The mechanism of 3-aminobenzamide-mediated increases in spontaneous and induced SCEs.

Cells exposed to the poly-(ADP-ribose)-polymerase inhibitor, 3-aminobenzamide (3AMB), have increased levels of sister chromatid exchanges (SCEs). In addition, cells exposed to certain monofunctional alkylating agents in combination with 3AMB have frequencies of SCEs much greater than expected if the 2 agents acted independently. Because poly-(ADP-ribose)-polymerase is stimulated by the production of DNA strand breaks, and 3AMB is said to inhibit strand-break rejoining, we determined the relationship between DNA strand breakage and SCE formation.
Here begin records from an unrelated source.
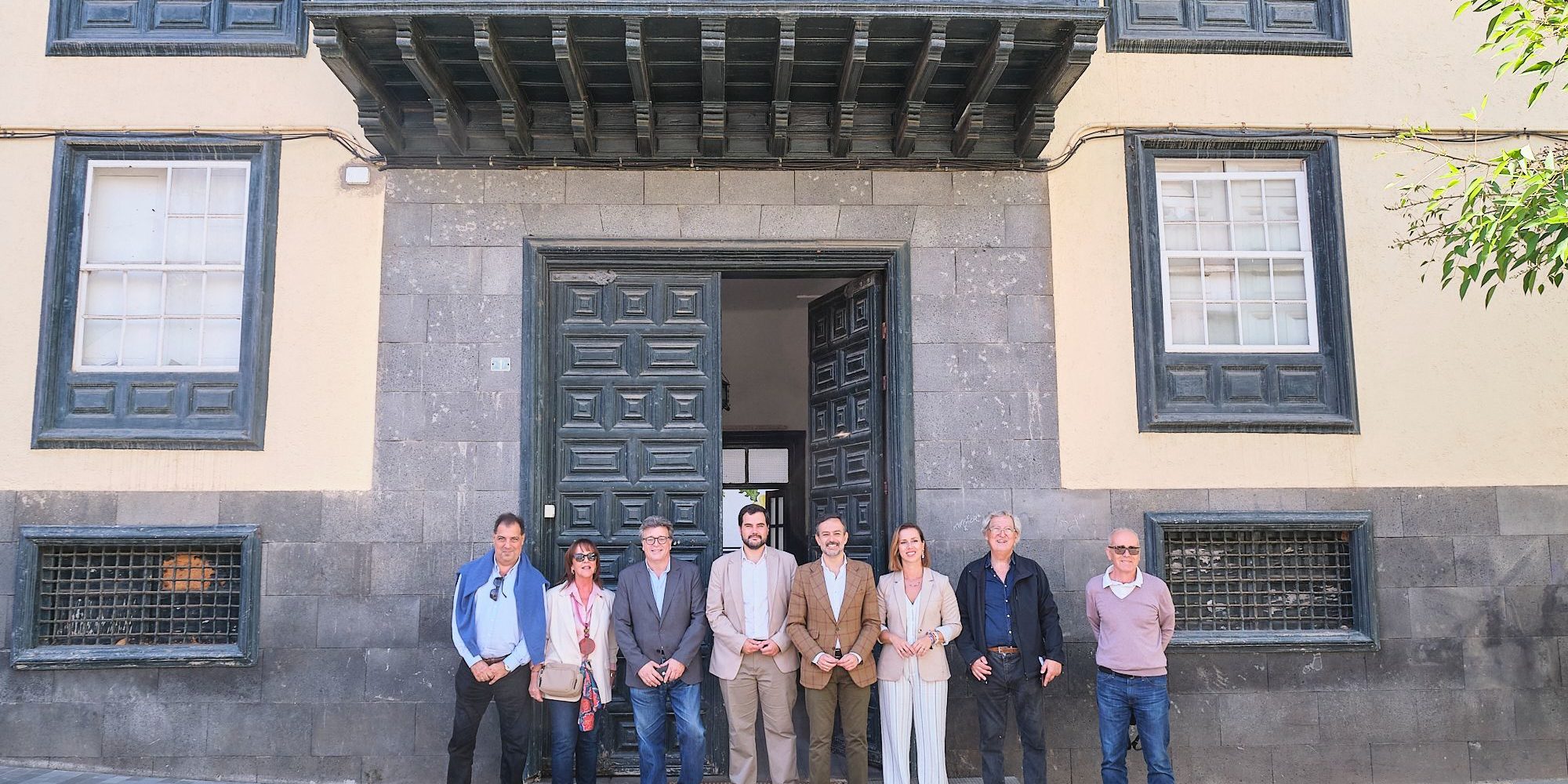 Visita Casa de los Agustinos y Torreón Ventoso, 1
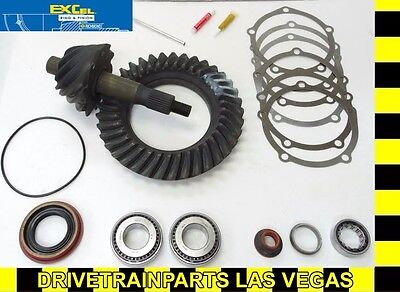 Richmond Excel Ford 9" 6.20 Ratio Ring and Pinion Gear Set + Pinion Install Kit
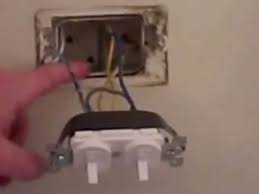 My fan implementation has only two wires on the existing switch. How To Wire A Double Switch Wiring A Switch Conduit Youtube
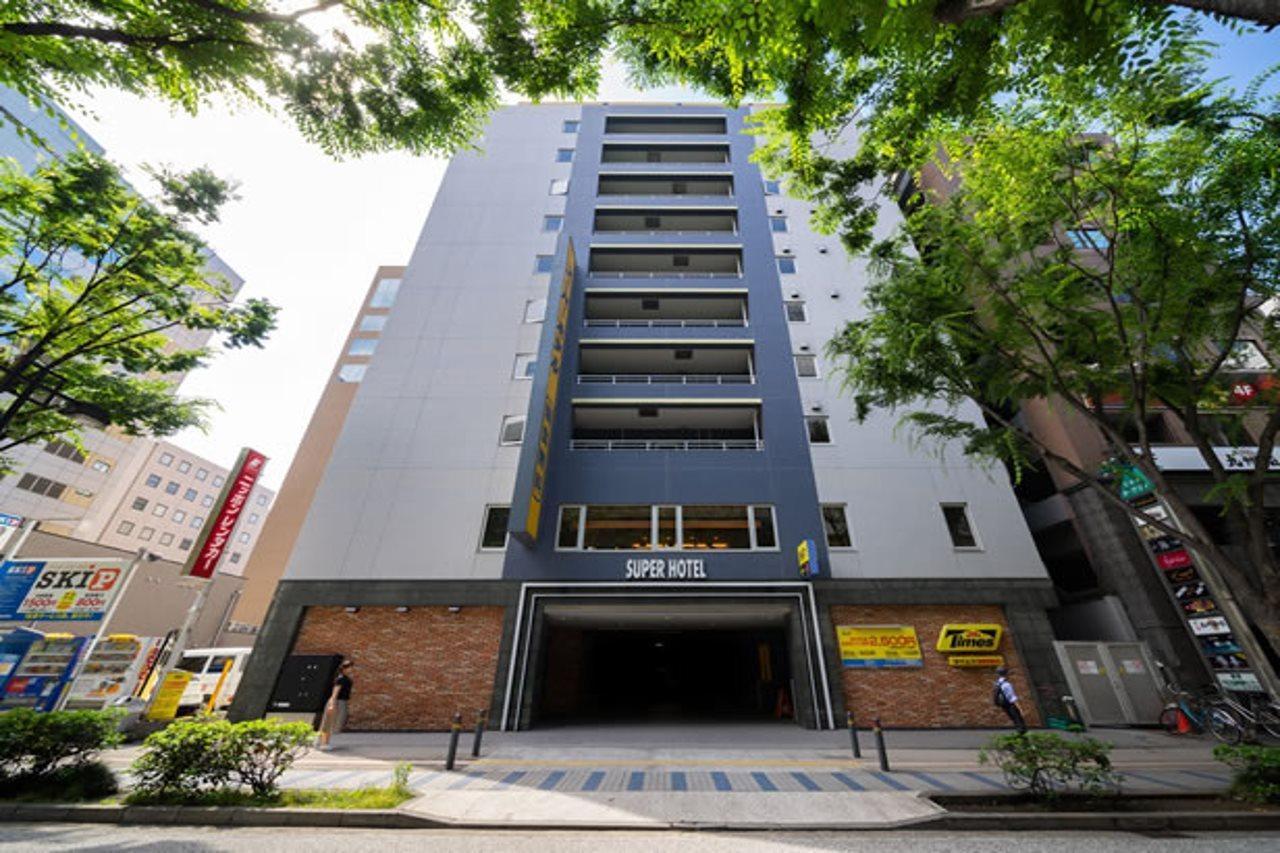 Super Hotel Shinyokohama Yokohama  Dış mekan fotoğraf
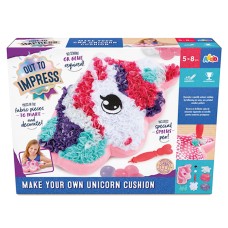 Yumşaq oyuncaq-yastıq hazırlama dəsti Addo 318-19105-B Unicorn Out to Impress
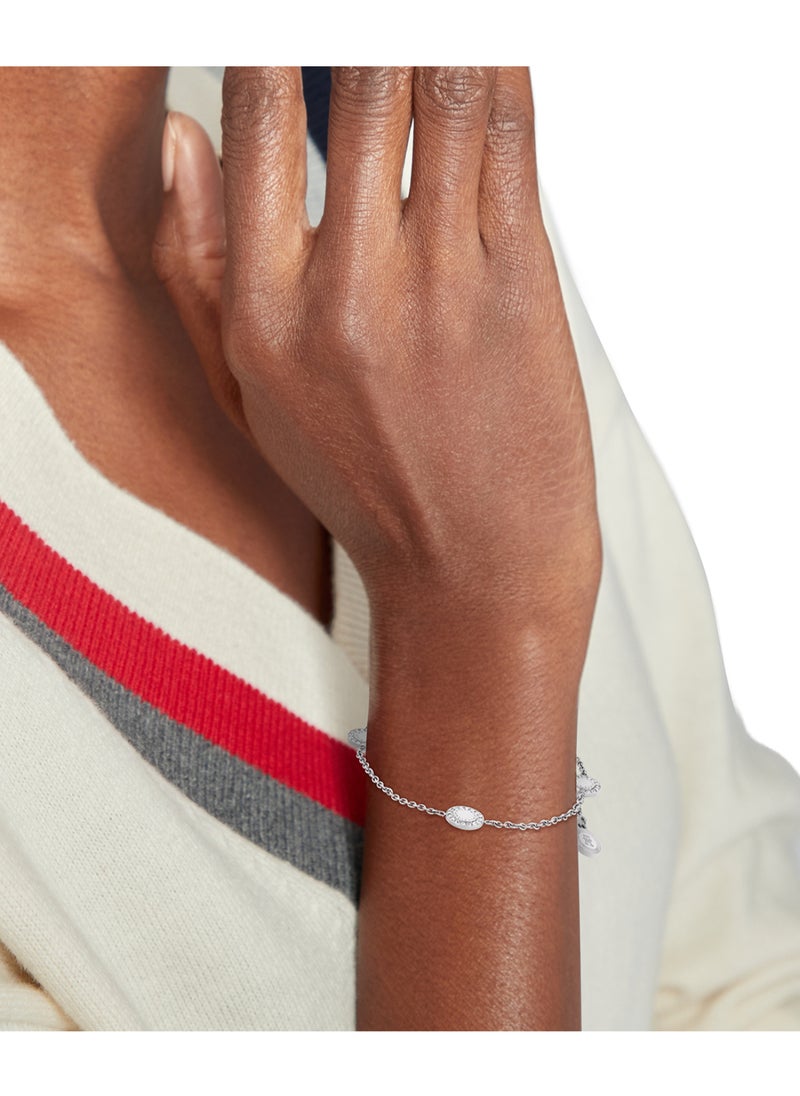 TOMMY HILFIGER TH JEWELRY MINI CRYSTALS WOMENS BRACELET - 2780904  - Image 2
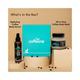 mCaffeine Coffee Quick Glow-up Body Gift Kit - Tan Removal Body Mask & Hydrating Body Serum 360 ml - Lotions & Creams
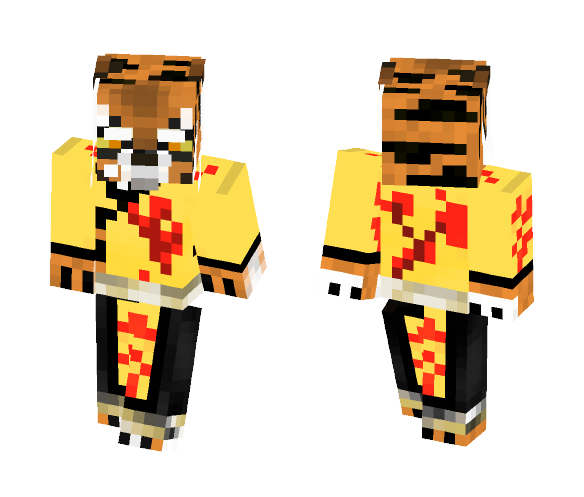 Tigress Kung Fu Panda 3 - Female Minecraft Skins - image 1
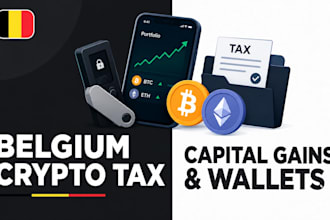prepare belgian crypto tax reports capital gains and wallet exchange tax record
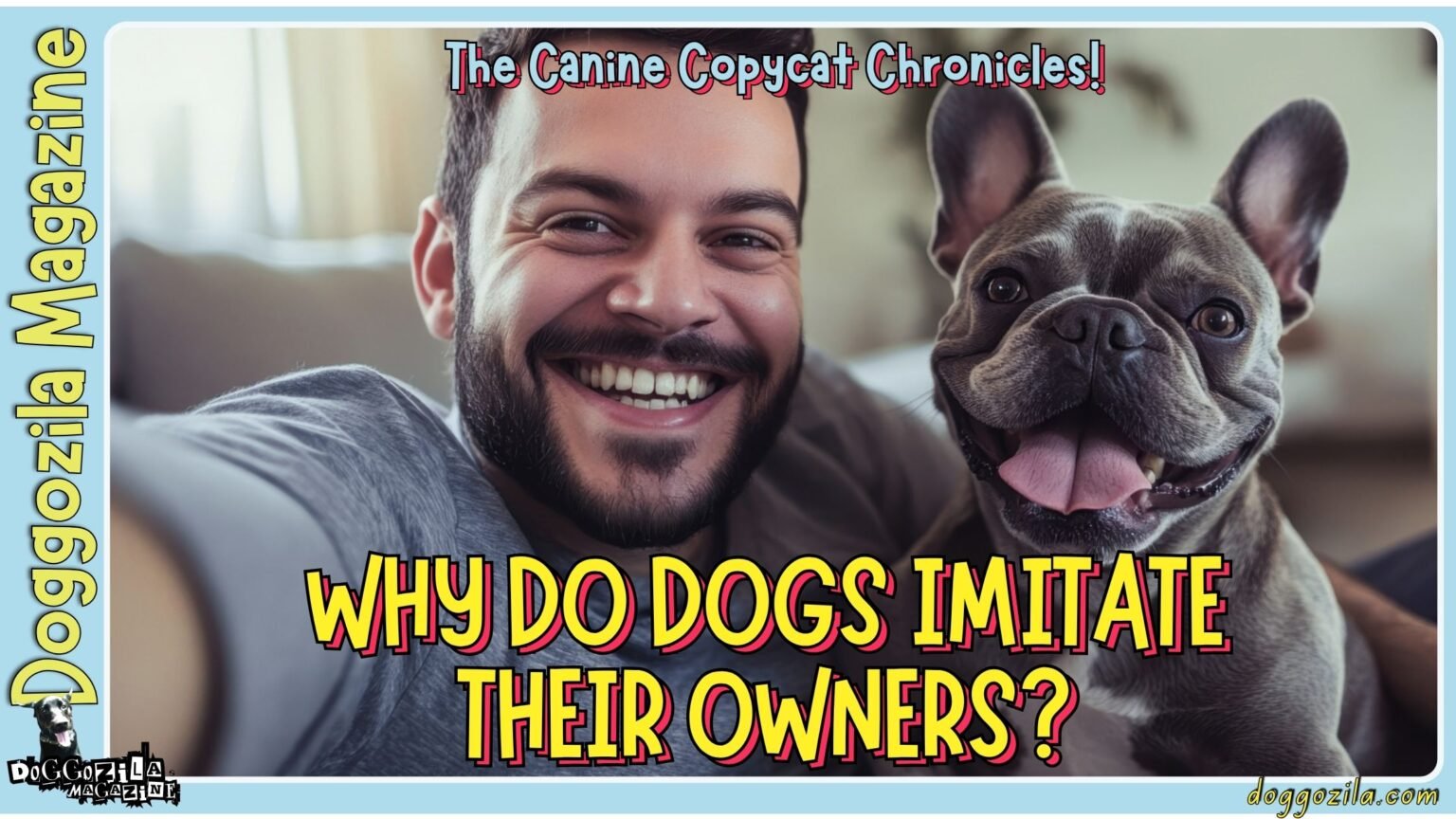 Scientific article explanation Why Do Dogs Imitate Their Owners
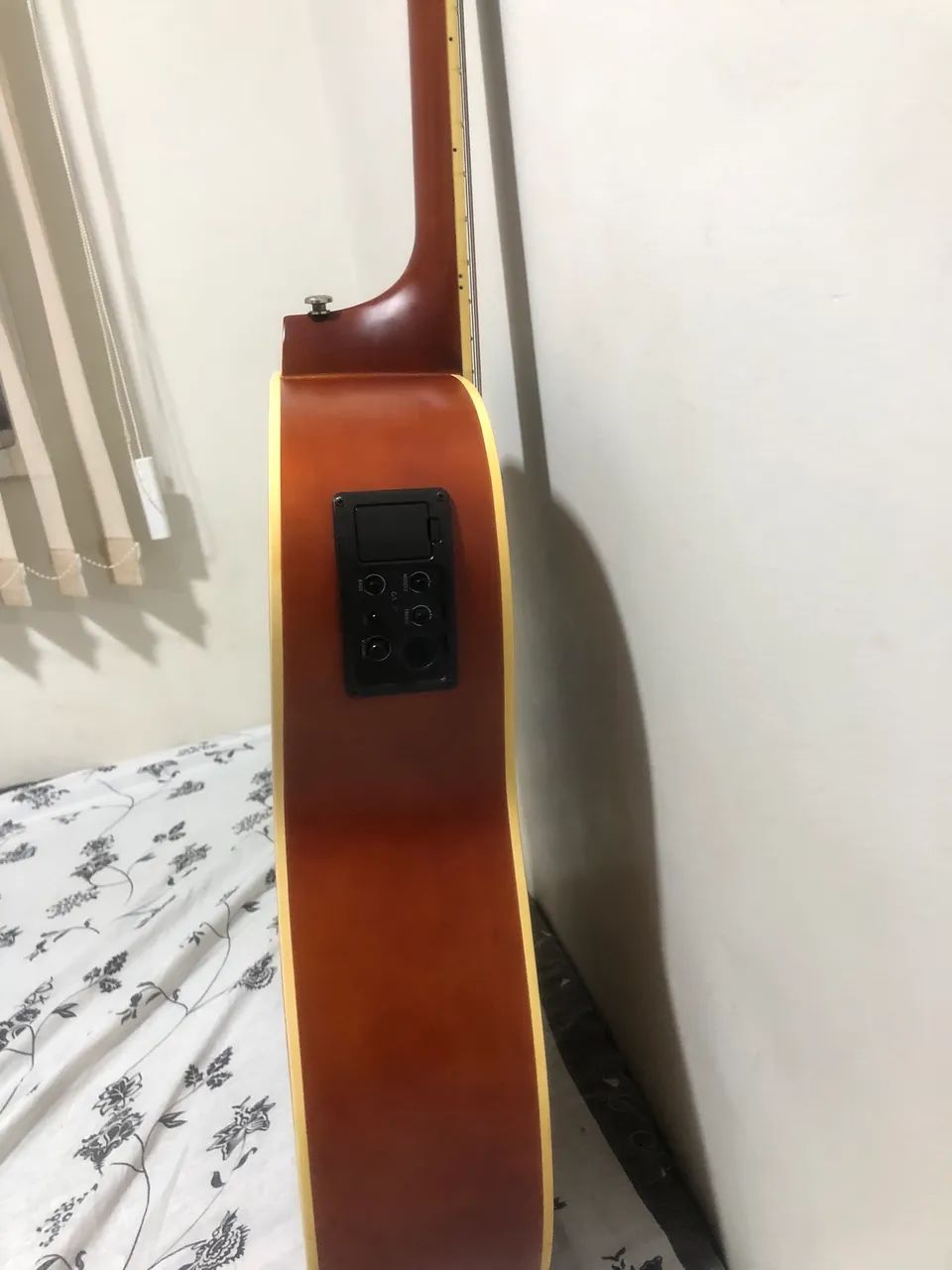 Vendo Violão Giannini Eletroacústico - Foto 2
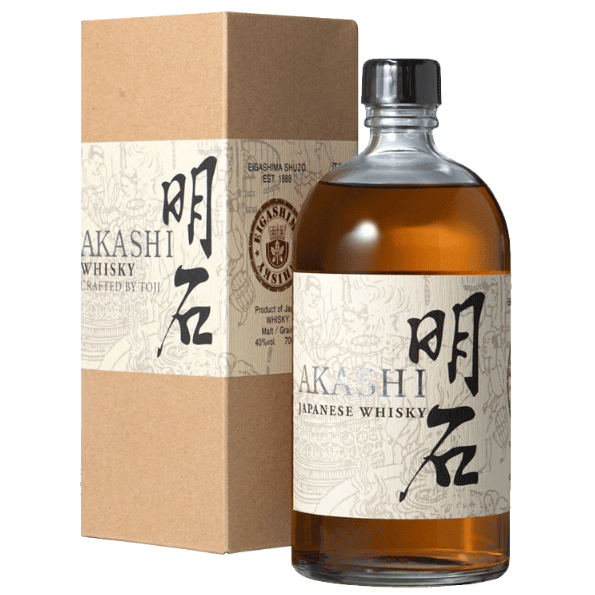 明石 白橡木杜氏調和威士忌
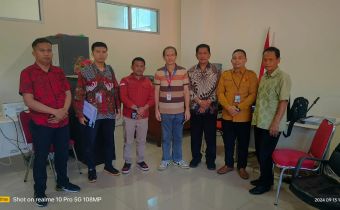 Fadjri Arsyad Lakukan Pengawasan Klarifikasi Dokumen Calon Gubernur dan Wakil Gubernur 2024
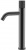 Смеситель для раковины Boheme Stick (122-GM.3), графит брашированный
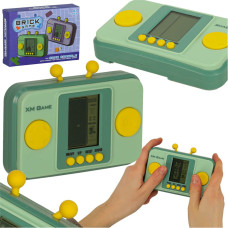 Portabel elektronisk arkadspelskonsol, grön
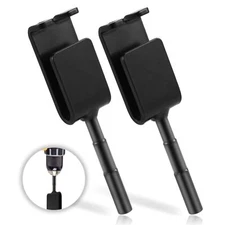 2 Pack Ice Anchor Tool Power Drive Drill Attachment Ice Fishing Anchors Tool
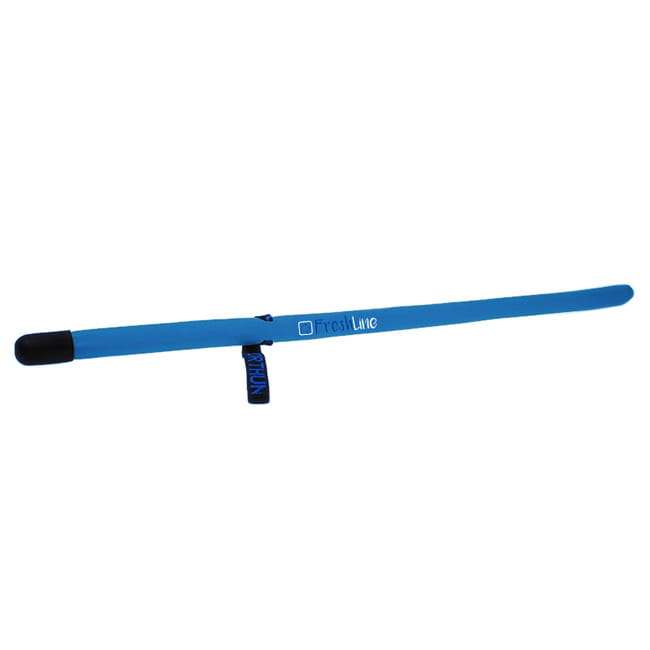 FreshLine Softstock gepolstert blau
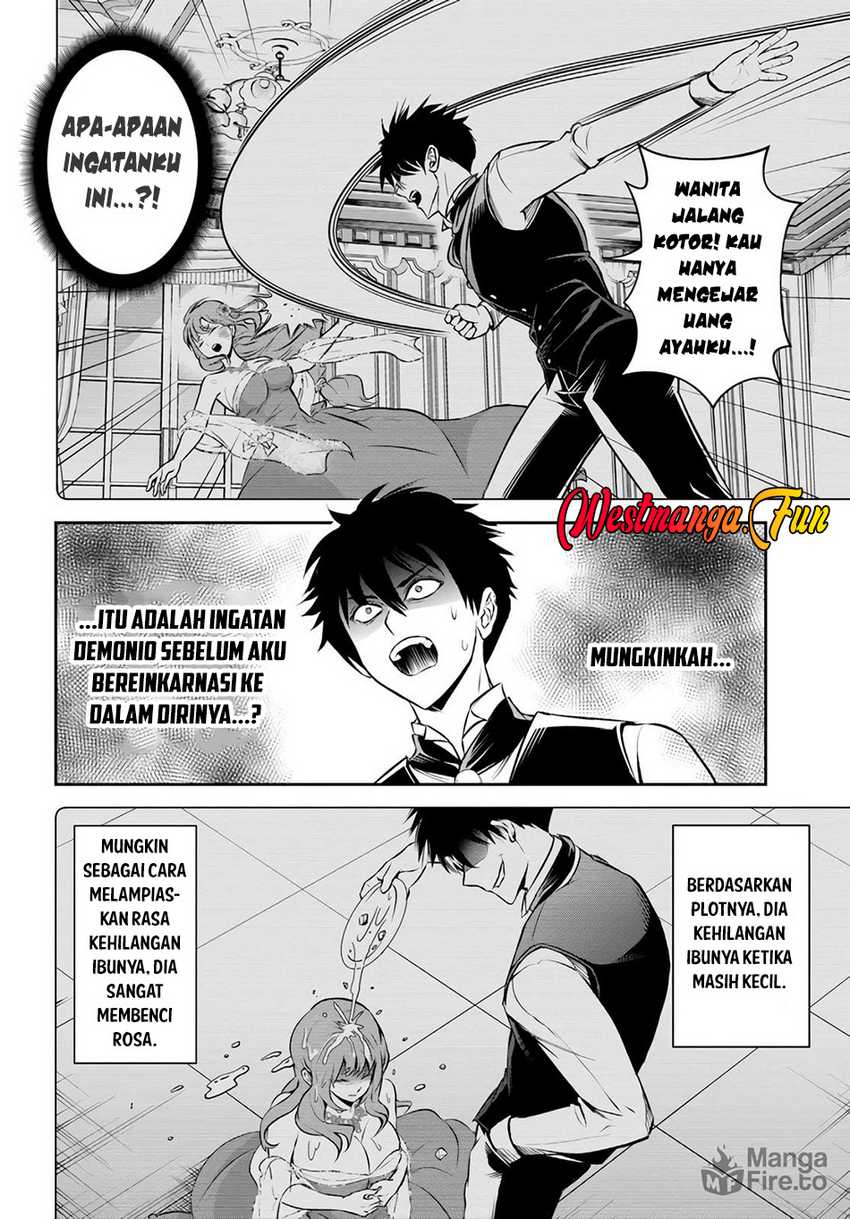 Sono Akuyaku Kizoku, Mama Heroine ga Suki Sugiru ~Shinshi na Doryoku de Saikyou to Nari Fuguu na Oshi Chara Tasukemakuru~ Chapter 01 page 26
Alkylating agents and the incorporation of bromodeoxyuridine (BrdUrd) into DNA led to the production of DNA strand breaks and the most potent SCE-inducing agents were also the most efficient DNA strand-breaking agents. In increasing SCE frequency, 3AMB interacted most strongly with those agents that produced the greatest number of DNA strand breaks. 3AMB also increased the frequency of strand breaks by delaying strand-break rejoining and introducing new strand breaks. The protease inhibitor, antipain, inhibited the formation of 3AMB-induced strand breaks in BrdUrd-containing cells and reduced by half the 3AMB-mediated increase in SCE frequency, suggesting that one mechanism for SCE induction involves the introduction of breaks into DNA possibly in response to changes in chromatin structure. We conclude that the primary lesion responsible for SCE induction after exposure to alkylating agents or incorporation of BrdUrd into DNA is either a DNA strand break or a lesion that can result in a strand break. 3AMB increases SCE frequency in combination with these agents by introducing new breaks and possibly delaying strand-break rejoining.